Ghostwriting openly infringes academic standards and, in many cases, as recently argued by Stern and Lemmens in PLoS Medicine, contributes to fraud [16]. Typically, the practice involves industry-financed writers generating articles that either promote the sponsor company's products or discredit competing ones, with eventual authorship credited to academic researchers who provide little or no input, thereby concealing industry involvement and contributing to distorted drug profiles. In the United States, cases relating to gabapentin [17], rofecoxib [2], paroxetine [7], sertraline [18], fenfluramine/phentermine (fen-phen) [19], and Prempro [3] are well documented, while many others, relating to rosiglitazone, olanzapine, quetiapine, valdecoxib, and celecoxib, remain under seal by the courts. These cases demonstrate the dangers inherent in permitting pharmaceutical companies to maintain the status quo.
Some editors, fully aware that ghostwritten manuscripts are submitted to their journals, refuse to police their content [20]. Although other journals, most notably PLoS Medicine, as well as several editors' associations have produced policies against the practice, in some cases adopting clear and visible positions, little has changed [1],[6],[11],[21]–[23]. In addition, despite efforts to reinforce authorship and publication requirements, journals' responses to ghostwriting remain unsatisfactory, as shown by a recent study of 630 articles from six high impact medical journals [24]. In 2008, the overall prevalence of articles with honorary authorship, ghost authorship, or both, was 21.0%, which represented a decline from 29.1% in 1996. Although the prevalence of ghost authorship showed a significant decline, there was no change in the prevalence of honorary authors relative to 1996 [24]. This study concluded that inappropriate authorship remains a significant problem in high impact biomedical publications.

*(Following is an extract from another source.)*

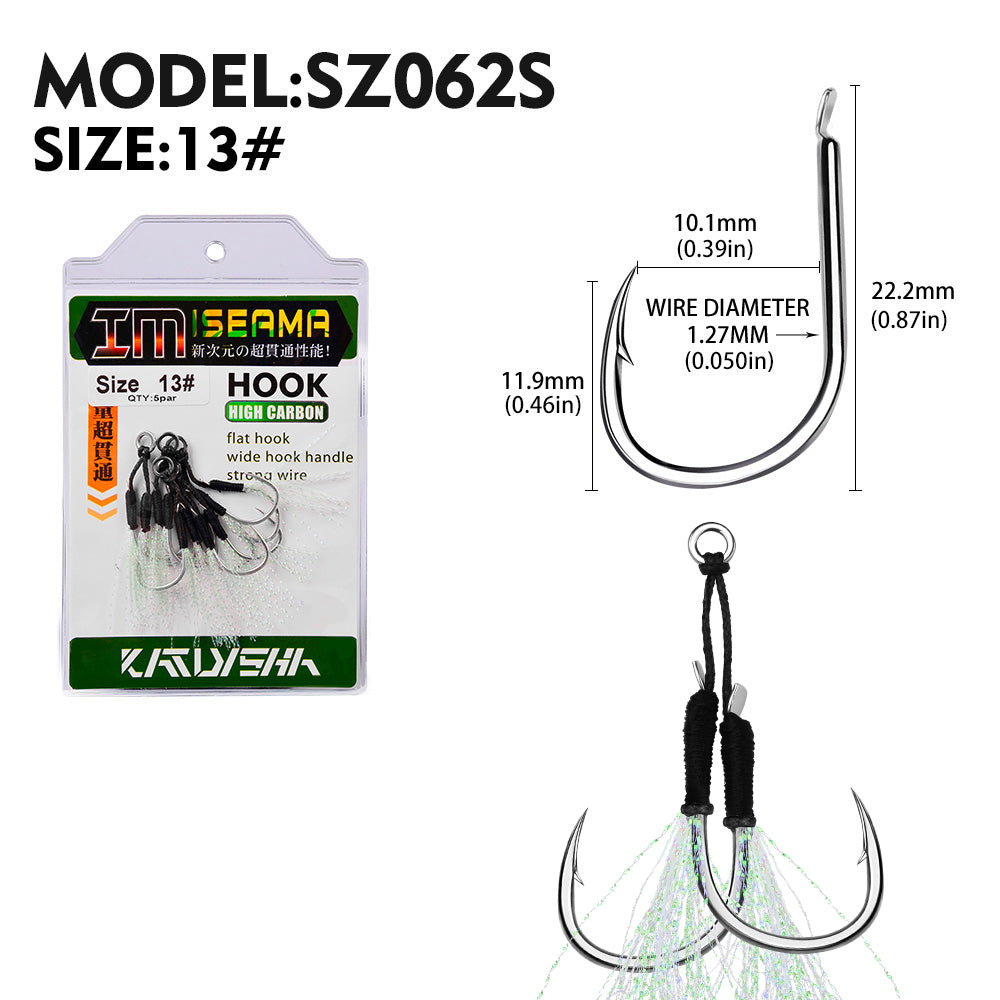 PROBEROS 2Pcs 5pc/set Metal Jig Tail Assist Hooks 11-19# With PE Line Feather Solid Ring Jigging Fishhook for 5-80g Lure Fishing Hooks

Indeed, even the policies adopted by the International Committee of Medical Journal Editors have failed to clarify how the corruption of medical literature could be curtailed [14]. Substantial contribution to manuscript design or drafting is of little significance when marketing messages are planted in the ghostwriter's first draft well before a nominal author is selected. Authors may give approval when the paper is submitted for publication, but this only occurs after the sponsor company has ensured the manuscript meets its marketing goals and the legal department has transferred ownership to the submitting author. The manuscript and message are therefore controlled by the company rather than the nominal authors [3],[7].
Since self-regulation has not produced results and the government has failed to have any significant impact, we argue that the only remaining option is the legal system. Building upon the recent Stern and Lemmens article that proposed viewing ghostwriting as fraud [16], this Essay expands on the possible legal remedies for medical ghostwriting that can help outlaw a practice that has long tainted journal content and jeopardized patient safety.

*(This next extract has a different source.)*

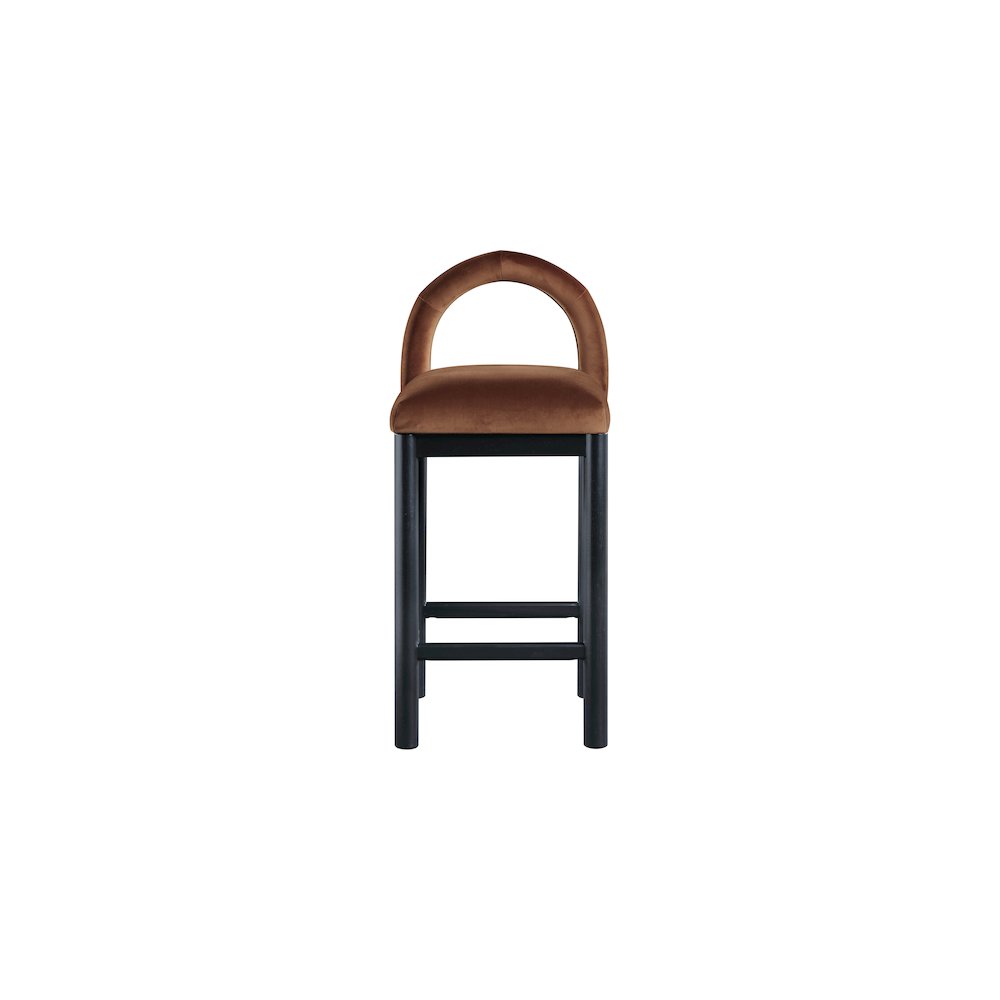 Conrad Cognac Velvet Counter Stool. Picture 3
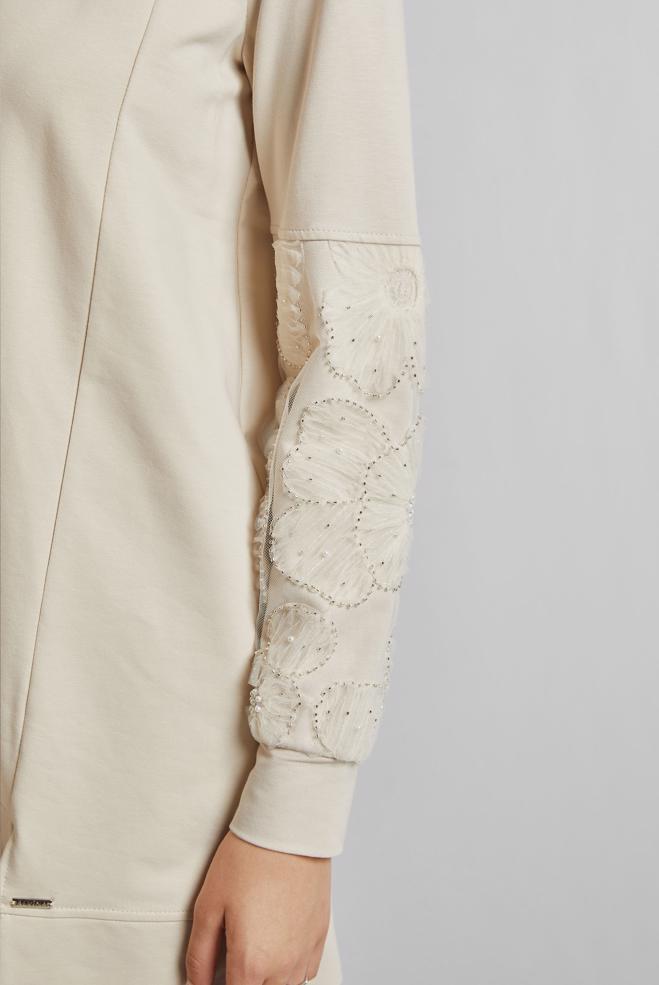 Hijab clothing BEIGE COTTON TRACKSUIT TUNIC 45627 - ALVİNA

Legal Remedies for Medical Ghostwriting
Stern and Lemmens recently advanced various legal theories under which “guest authors” can be held accountable, including filing an action under the Racketeer Influenced and Corrupt Organizations Act (RICO) [16]. They opined that monetary damages could include a reduction in the subscription value of the journal publishing ghostwritten articles. They concede individual damages would be nominal but suggest that potential liability and reputational harm may curb ghostwriting. We endorse this novel theory and the other theories (i.e., fraud on the court) Stern and Lemmens advance. We question, however, whether a law firm would undertake the Herculean task of filing RICO actions against guest authors when the potential of recovery (even if aggregated and trebled) would be, in litigation values, fairly modest and nominal. In reality, the transactional costs of such an endeavor, the novelty of the theories, and the nominal damages at issue would likely discourage law firms from prosecuting such cases.
We fully agree with Stern and Lemmens that the legal system could be effective in curbing ghostwriting, and suggest the following models of liability.

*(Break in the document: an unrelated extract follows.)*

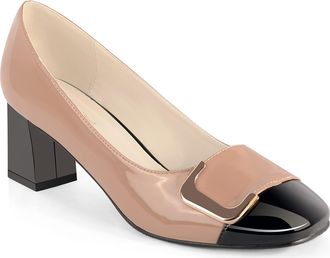 Ann Creek Womens Pumps Angela Shoes for Women Dressy Low Heel Rush Hour Office Shoes Two Tone Womens Pumps Square Toe 2.4 Inch Chunky Heel Slip On, Nude, 7.5 UK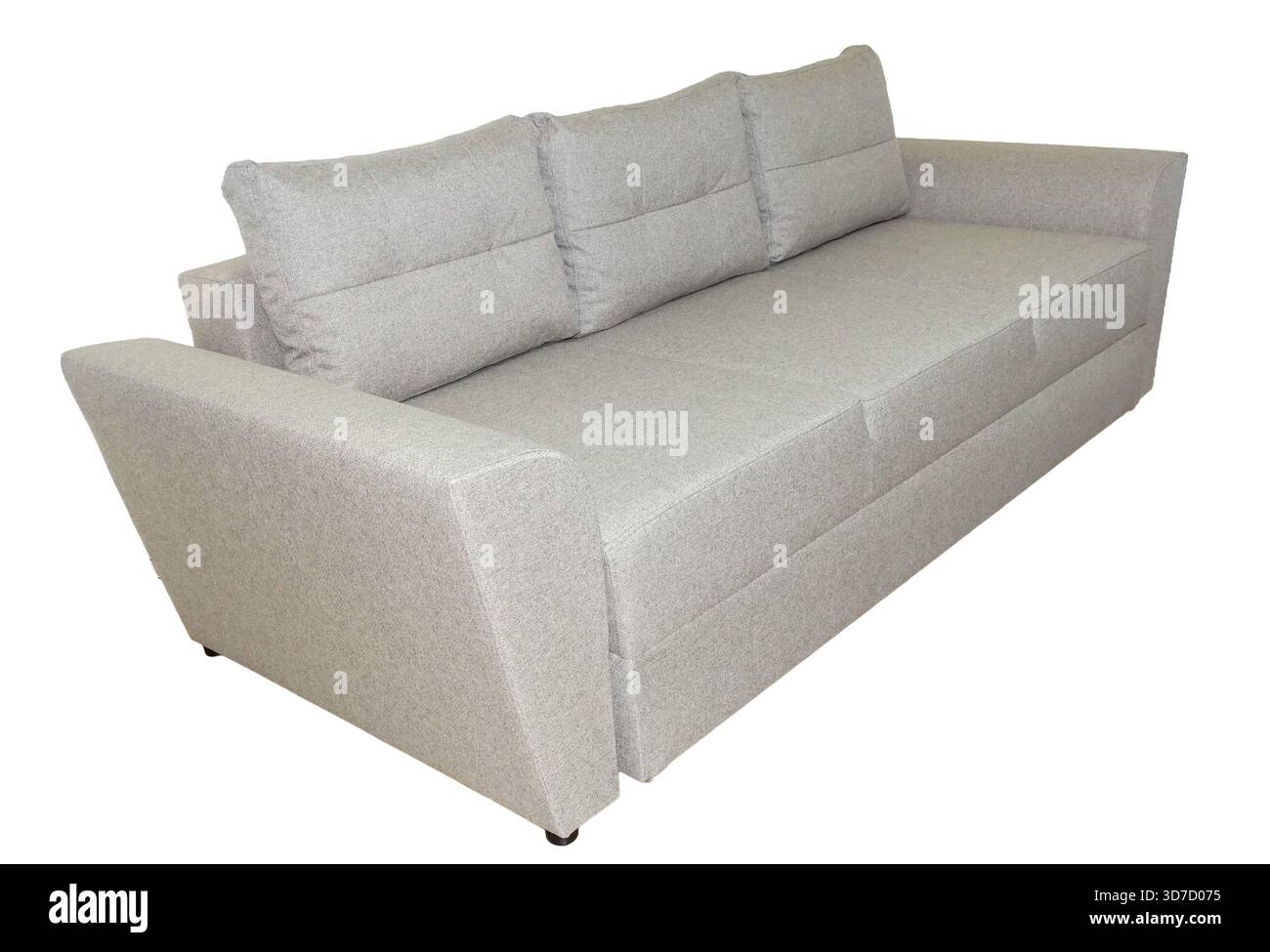 Graue Sofa isoliert auf weißem Hintergrund Stockfoto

Personal Injury and Wrongful Death Damages Caused by the Guest-Authors' Misrepresentations
Guest authors lending their names to ghostwritten articles touting the safety and efficacy of a drug have an independent duty to exercise ordinary care and prevent injury to others as a result of their conduct [25]. As the influential Justice Benjamin Cardozo noted long ago: “It is ancient learning that one who assumes to act, even though gratuitously, may thereby become subject to the duty of acting carefully, if he acts at all.” [26] When US courts have considered misrepresentations that implicate a risk of physical harm to others, they have often looked to the rules set forth in the Restatement Second of Torts, sections 310 and 311 [27].
Sections 310 and 311 of the Restatement allow injured third parties to recover from a person who has made an intentional and negligent misrepresentation inducing action that involves a risk of physical harm [28]. The Restatement emphasizes that liability “extends to any person who, in the course of an activity which is in furtherance of his own interests, undertakes to give information to another, and knows or should realize that the safety of the person or others may depend on the accuracy of the information” [29].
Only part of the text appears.